[Data for this exercise — start]

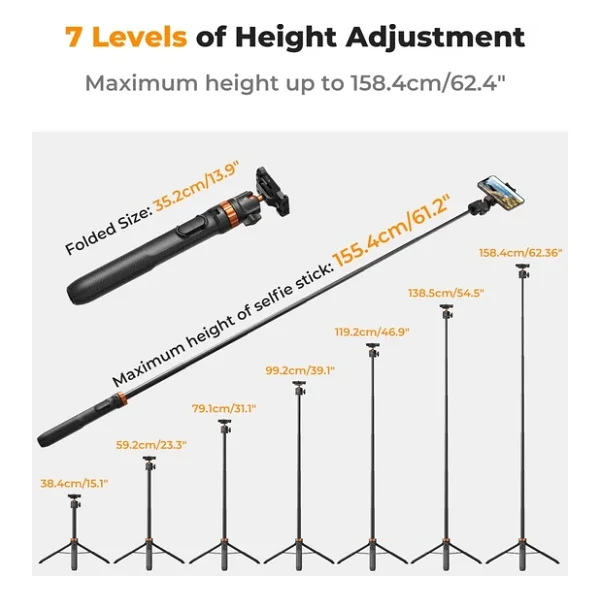 K&F Concept 158cm Bluetooth Selfie Çubuğu & Tripod - Cep Telefonları Ve Aksiyon Kameralar İle Uyumlu - Görsel 7
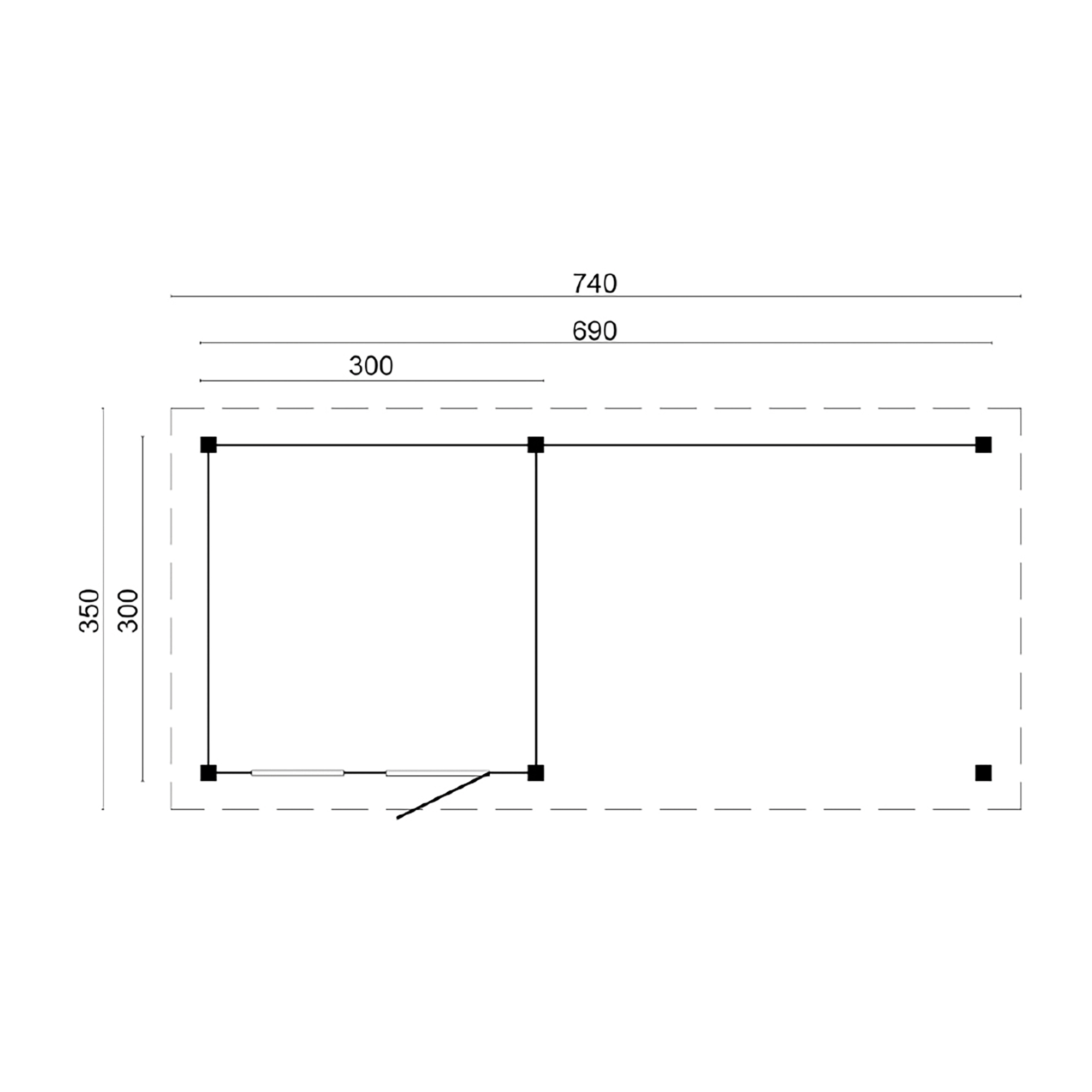 DHZ Plat dak Holten geschaafd douglas 300 x 300+390 cm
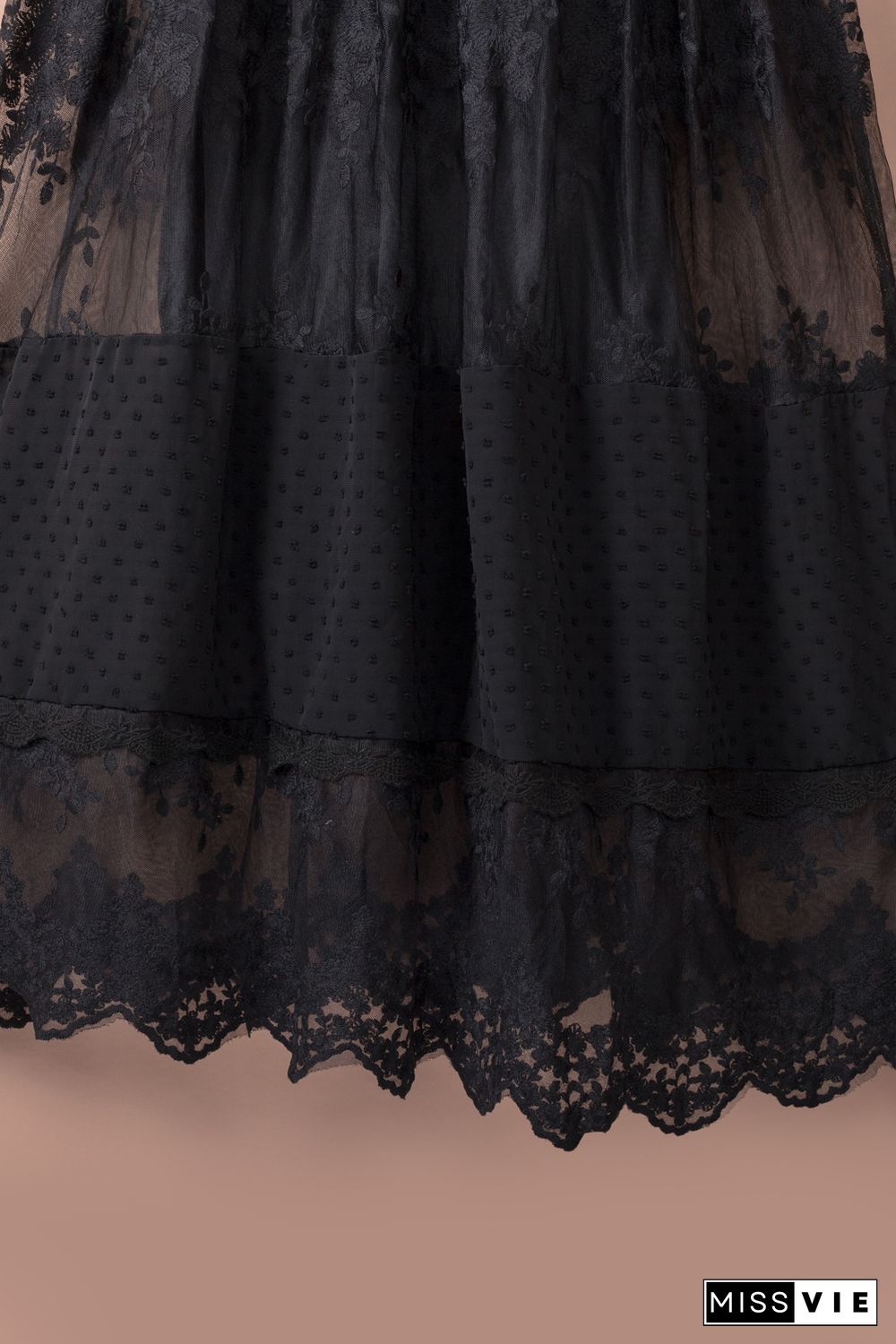 Black Luminous Dawn Lace Gown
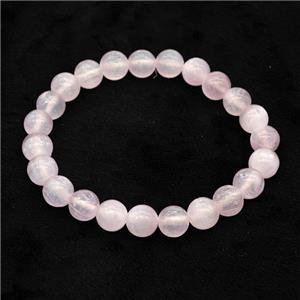 Selenite Bracelet Stretchy Round Pink, approx 8mm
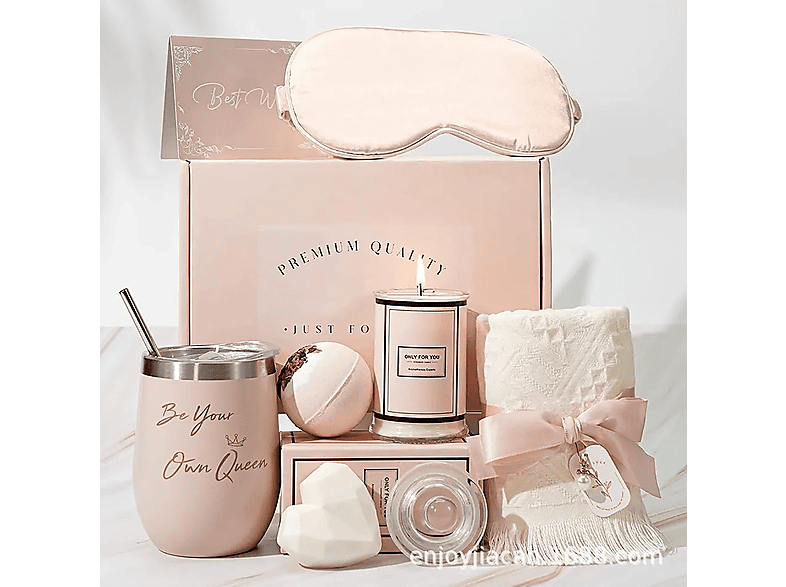 Morndsun Spa-Geschenkkorb Für Frauen – Mit Duftkerze, Badesalz, Badebombe, Seife Und Edelstahlbecher, Perfekt Für Geburtstag Oder Muttertag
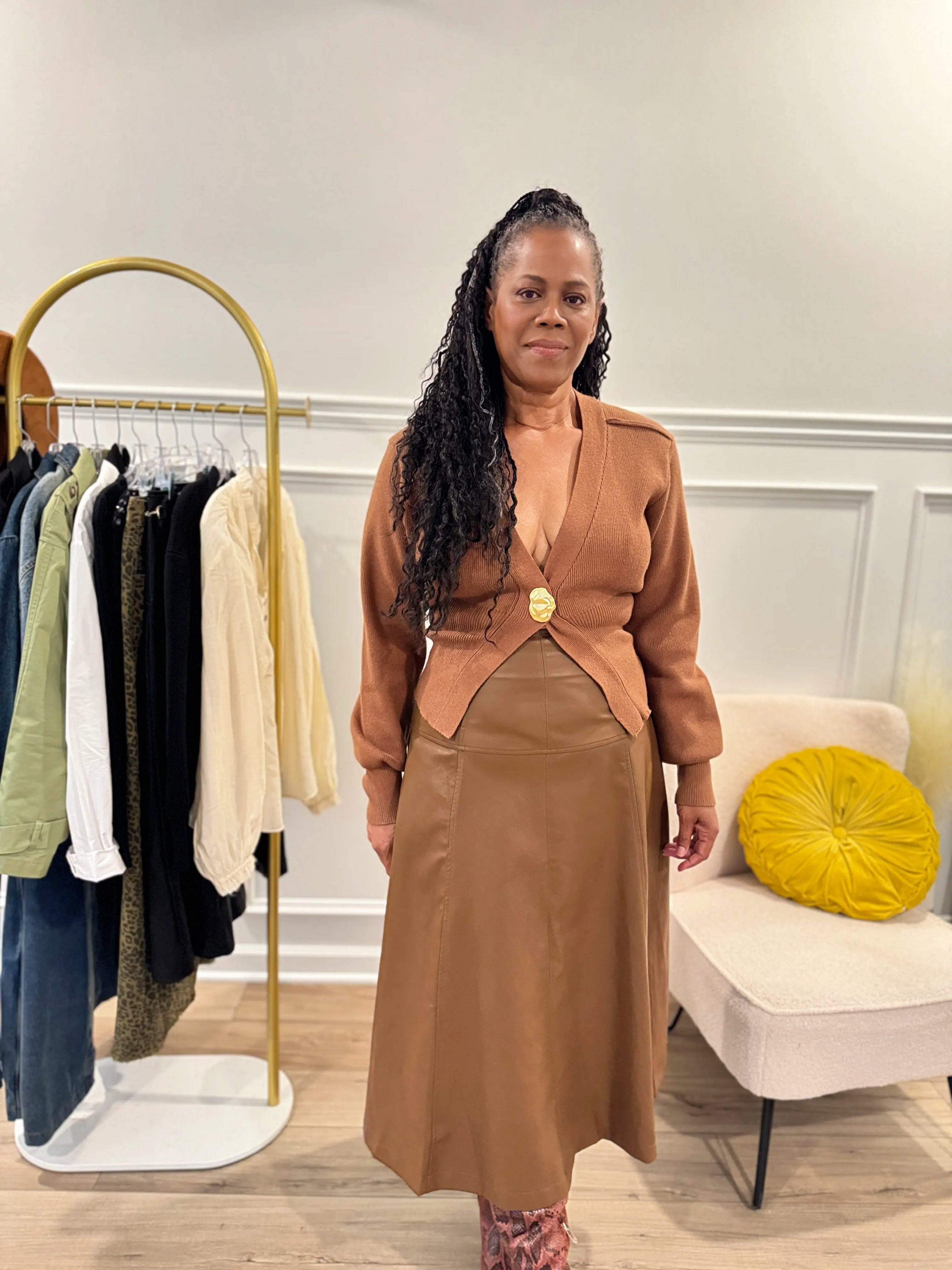 The Camel Lux Button Cardigan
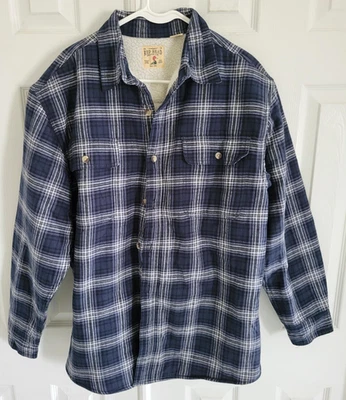 RedHead Men's Size L Sherpa-Lined Flannel Long Sleeve Shirt Jacket Navy Plaid - Image 1 of 4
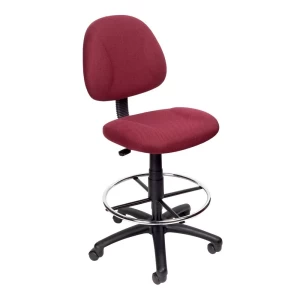 Armless Drafting Stool with Burgundy Crepe Fabric Upholstery by Boss Office Products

[Data for this exercise — finish]

Each record above must be retyped exactly as given, with the images excluded.

(Exercise answer):
 K&F Concept 158cm Bluetooth Selfie Çubuğu & Tripod - Cep Telefonları Ve Aksiyon Kameralar İle Uyumlu - Görsel 7
 DHZ Plat dak Holten geschaafd douglas 300 x 300+390 cm
 Black Luminous Dawn Lace Gown
 Selenite Bracelet Stretchy Round Pink, approx 8mm
 Morndsun Spa-Geschenkkorb Für Frauen – Mit Duftkerze, Badesalz, Badebombe, Seife Und Edelstahlbecher, Perfekt Für Geburtstag Oder Muttertag
 The Camel Lux Button Cardigan
 RedHead Men's Size L Sherpa-Lined Flannel Long Sleeve Shirt Jacket Navy Plaid - Image 1 of 4
 Armless Drafting Stool with Burgundy Crepe Fabric Upholstery by Boss Office Products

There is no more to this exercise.